Для них и для лояльного «Нового мира» – конечно да. А для меня «проходимый рассказик» был бы порчей имени, раковиной, дуплом. Сила моего положения была в чистоте имени от сделок – и надо было беречь его, хоть десять лет ещё молчать.
А ещё все они (вслед за Твардовским, правда; это очень наглядно было у них, как они единодушно поддерживали мнение шефа по любым пустякам) настаивали, чтобы для завтрашнего визита я сбрил недавно отпущенную бороду. Независимый и безпартийный русский писатель, идя представляться начальнику партийного агитпропа (с какой вообще стати? зачем?), я должен был непременно принять тот безликий вид, к которому привыкли в партаппарате. И так серьёзно меня в этом убеждали, будто серьёзней и дела в редакции не было. Я трижды, четырежды уклонялся (не прямо, конечно, о партаппарате), – тогда стали требовать, чтобы я шёл не в легкомысленной апашке, да ещё навыпуск, а в чёрном костюме при галстуке, – это в июльскую жару! (Конечно я так не пошёл.)
Пытался я поговорить с А. Т. вдвоём, но получилась пустота, ничего. Он возбуждён и даже окрылён был тем, что с ним ласков Демичев, и очень много возлагал на мою завтрашнюю встречу: что от неё укрепится и моё положение и новомирское.
А я шёл на встречу с такой задачей: как можно дальше продвинуть ничейное сосуществование. Я не опасен вам нисколько – и оставьте меня в покое. Я очень медленно работаю, и у меня почти ничего не написано, кроме того, что напечатано и в редакции. И, в конце концов, я – математик, и готов вернуться к этой работе, раз литература не кормит меня.

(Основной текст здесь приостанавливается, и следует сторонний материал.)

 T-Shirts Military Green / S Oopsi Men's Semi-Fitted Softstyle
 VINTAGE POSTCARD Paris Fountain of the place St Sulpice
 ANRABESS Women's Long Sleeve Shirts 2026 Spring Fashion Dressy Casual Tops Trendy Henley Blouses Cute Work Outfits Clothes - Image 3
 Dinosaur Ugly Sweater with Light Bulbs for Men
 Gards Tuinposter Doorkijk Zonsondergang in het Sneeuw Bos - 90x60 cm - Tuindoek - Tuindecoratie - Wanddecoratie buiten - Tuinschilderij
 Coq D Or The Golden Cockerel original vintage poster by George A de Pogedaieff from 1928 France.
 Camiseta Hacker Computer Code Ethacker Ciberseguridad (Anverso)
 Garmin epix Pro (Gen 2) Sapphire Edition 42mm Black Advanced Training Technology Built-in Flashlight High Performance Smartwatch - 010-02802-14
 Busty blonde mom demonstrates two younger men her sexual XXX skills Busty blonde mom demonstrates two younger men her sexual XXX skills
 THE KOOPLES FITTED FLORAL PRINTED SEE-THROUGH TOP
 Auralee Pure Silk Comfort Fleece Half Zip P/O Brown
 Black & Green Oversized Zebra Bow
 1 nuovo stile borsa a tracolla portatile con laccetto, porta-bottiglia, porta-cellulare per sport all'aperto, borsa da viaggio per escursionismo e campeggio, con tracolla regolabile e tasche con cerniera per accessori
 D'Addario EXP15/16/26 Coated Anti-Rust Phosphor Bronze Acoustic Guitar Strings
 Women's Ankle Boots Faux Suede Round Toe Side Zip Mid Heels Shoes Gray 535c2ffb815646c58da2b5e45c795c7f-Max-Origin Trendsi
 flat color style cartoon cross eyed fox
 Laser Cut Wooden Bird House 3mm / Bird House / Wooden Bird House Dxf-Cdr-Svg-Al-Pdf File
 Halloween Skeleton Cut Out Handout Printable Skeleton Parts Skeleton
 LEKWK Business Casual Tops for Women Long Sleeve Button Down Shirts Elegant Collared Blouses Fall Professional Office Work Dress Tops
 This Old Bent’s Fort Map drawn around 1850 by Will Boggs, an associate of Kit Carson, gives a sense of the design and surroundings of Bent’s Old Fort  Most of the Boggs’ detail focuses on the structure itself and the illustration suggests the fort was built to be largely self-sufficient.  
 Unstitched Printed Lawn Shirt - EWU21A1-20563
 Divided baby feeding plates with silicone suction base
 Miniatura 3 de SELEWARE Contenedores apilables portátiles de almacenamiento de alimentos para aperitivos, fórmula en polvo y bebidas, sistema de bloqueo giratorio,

Это был – исконный привычный стиль, лагерная «раскидка чернухи»; и прошло великолепно. Сперва очень настороженный и недоверчивый, Демичев в ходе двухчасовой беседы потеплел ко мне и во всё поверил. В его тихом голосе совсем отсутствовало живое чувство, но к концу даже проявилось – облегчением. Он был крайне невзрачен, и речь его была стёртая.
К этому времени уже начала проявляться та «клевета с трибуны», которой в открытом обществе никак не применить, потому что обвиняемый может всегда ответить, а в нашем закрытом – форма безпромашная и убойная: печать хранит молчание (это – для Запада, чтобы к травле не привлекалось внимание), а на закрытых собраниях и инструктажах ораторы по единой команде произносят многозначительно и уверенно любую ложь о неугодном человеке. Он же не только доступа не имеет на те собрания и инструктажи – для ответа, но долгое время не знает даже, где и что о нём говорили, лишь застаёт себя охваченным стеною глухой клеветы.
Ещё были только начатки этой клеветы, ещё и форма не прорисовалась, но уже объявили, что я изменил родине, был в плену, был полицаем. Подавать в суд? Но клеветников слишком много, и они занимают официальные посты.
Демичев смотрел строго-сочувственно, сочувственно-осуждающим глазом (второй – не совсем в порядке).